A US$10,000 special prize was also given to the Most Creative Community Outreach proposal, which the judges awarded to Madhura Dutta for ‘Painting the Road to Empowerment’ from India. Her team’s program benefits abused and discriminated women from Pingla, East India. These women have a unique culture of earning a living by singing and painting. Her winning project aims to replicate the successful Pingla model in the nearby village of Chandipur, bringing this artistic talent to the production of diversified products including decorative scrolls and other artworks.
Making Pinoys happy
While social responsibility and social enterprise have become buzzwords of late, not one group has helped the poor with business development. This is where Hapinoy sees great opportunities.
“Nobody does business development for the poor. They didn’t finish school, they don’t know anything about running a business, managing revenues and profit. Sari-sari stores usually supplement the family income with an average profit of about P100 to P150 a day. So sometimes they are close because the stocks have run out because they cannot sustain it,’’ Aquino says.
Hapinoy steps in by teaching woman storeowners practical applications of concepts like inventory management, visual merchandising, customer relations, and financial management — basic book keeping and understanding their financial situation.
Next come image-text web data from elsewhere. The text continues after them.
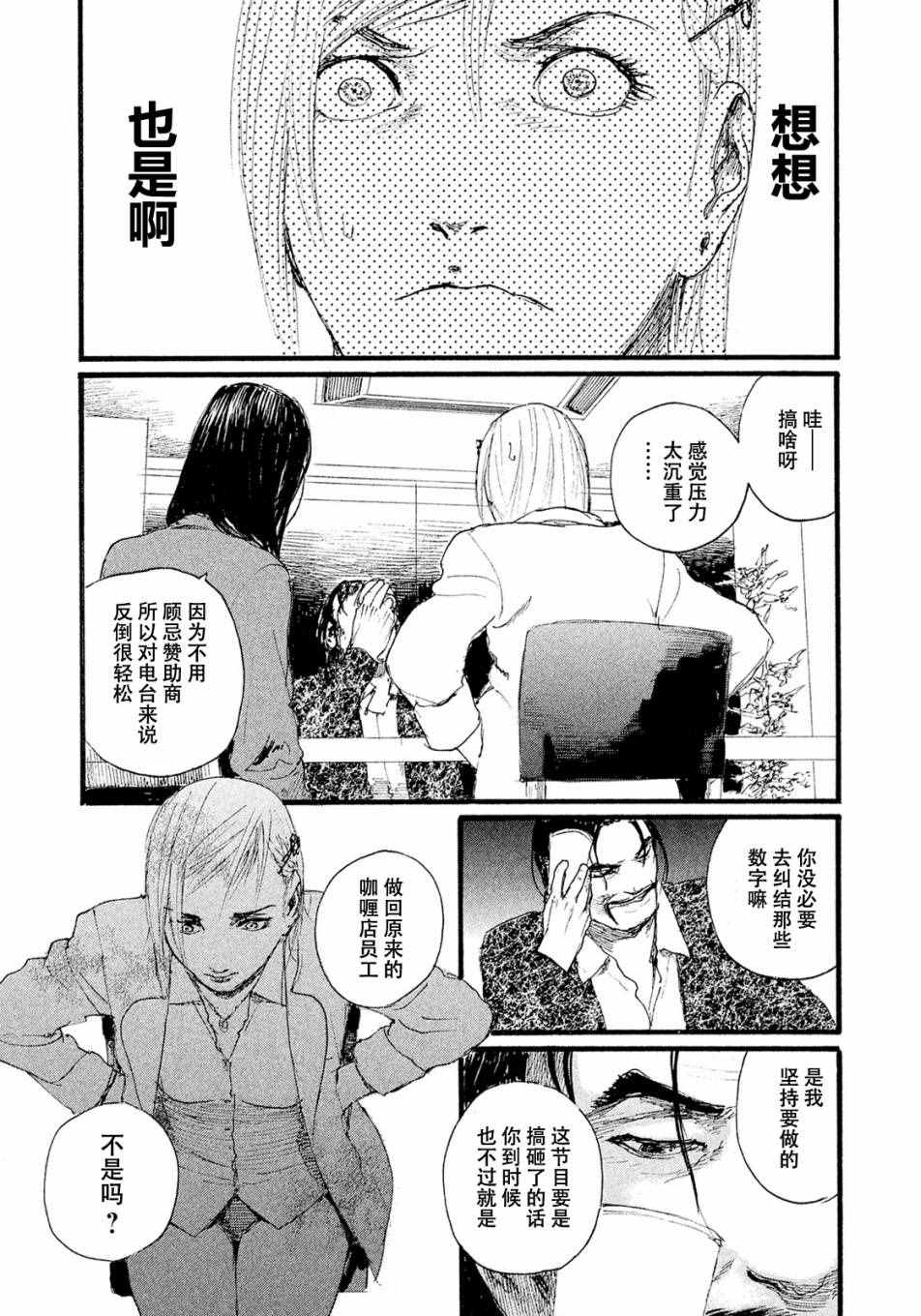 《电波啊 听著吧》漫画最新章节第9话 不会让你活著回去免费下拉式在线观看章节第【13】张图片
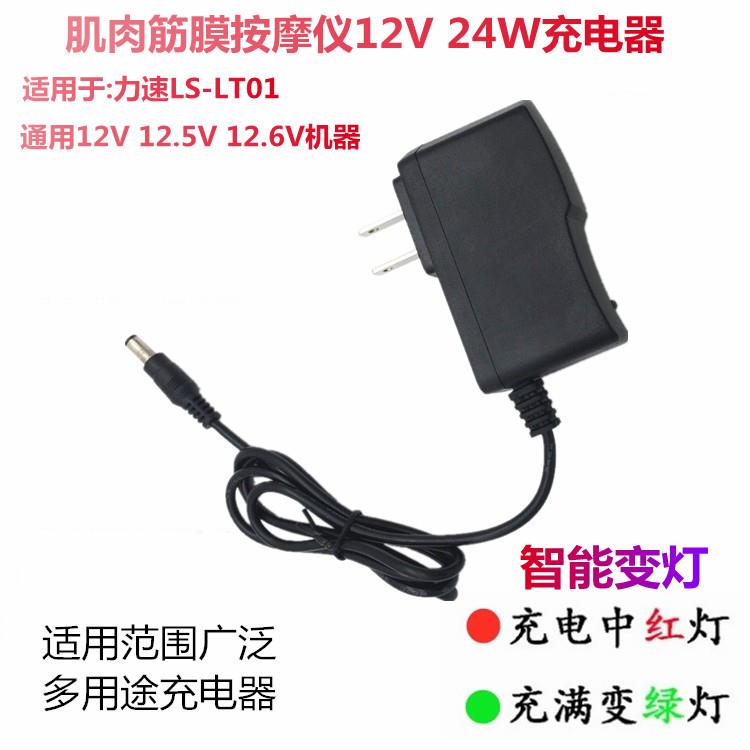 力速肌肉筋膜按摩仪LS-LT01筋膜枪电压12V功率24W电源充电器线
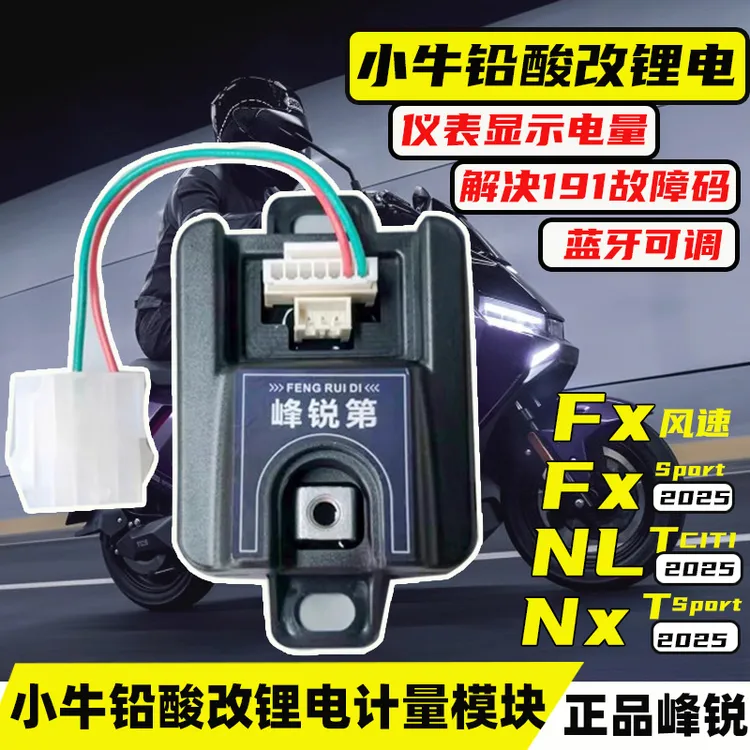 峰锐计量器适用小牛25NXT NLT NST FXT FX风速铅酸改锂电计量模块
These may be a mouthful for sari-sari owners but Aquino says they definitely put these concepts in context.
“We tell them, O, ‘nay, yung mabenta ilagay sa harap, yung makukulay dito, yung mabagal gumalaw ilagay sa likod. Kung may produktong malapit nang mag-expire ilagay mo sa harap,’’ he explains.
With about 700,000 stores in the country, sari-sari stores make up 30 to 40 percent of total retail sales in the Philippines. Hapinoy has evolved into a full-service micro entrepreneur enhancement program: a network of micro, small, medium and large enterprises where Hapinoy Community Stores and sari-sari stores serve as the hubs for goods and services that are coursed through the program.
Hapinoy also teaches the nanays the big difference between sales and profit, the waterloo of most sari-sari store owners. “Sales is not profit. So we tell them that if you sell P5,500, you can only spend the P500, which is the profit. We teach them to separate the money of the business from the money of the family. Kung kukupit ka, kailangan mong ilista yon.”
Basic the training may be, but Hapinoy is optimistic about the difference it has made in the lives of the woman entrepreneurs the group has been helping. “The training may be basic but it really helps. The foundation of all these different business skills is a change of mindset about themselves to build their confidence. Eventually, what we see is when the nanays become successful, the tatays get involved. It’s the gateway to the development of the family and community.”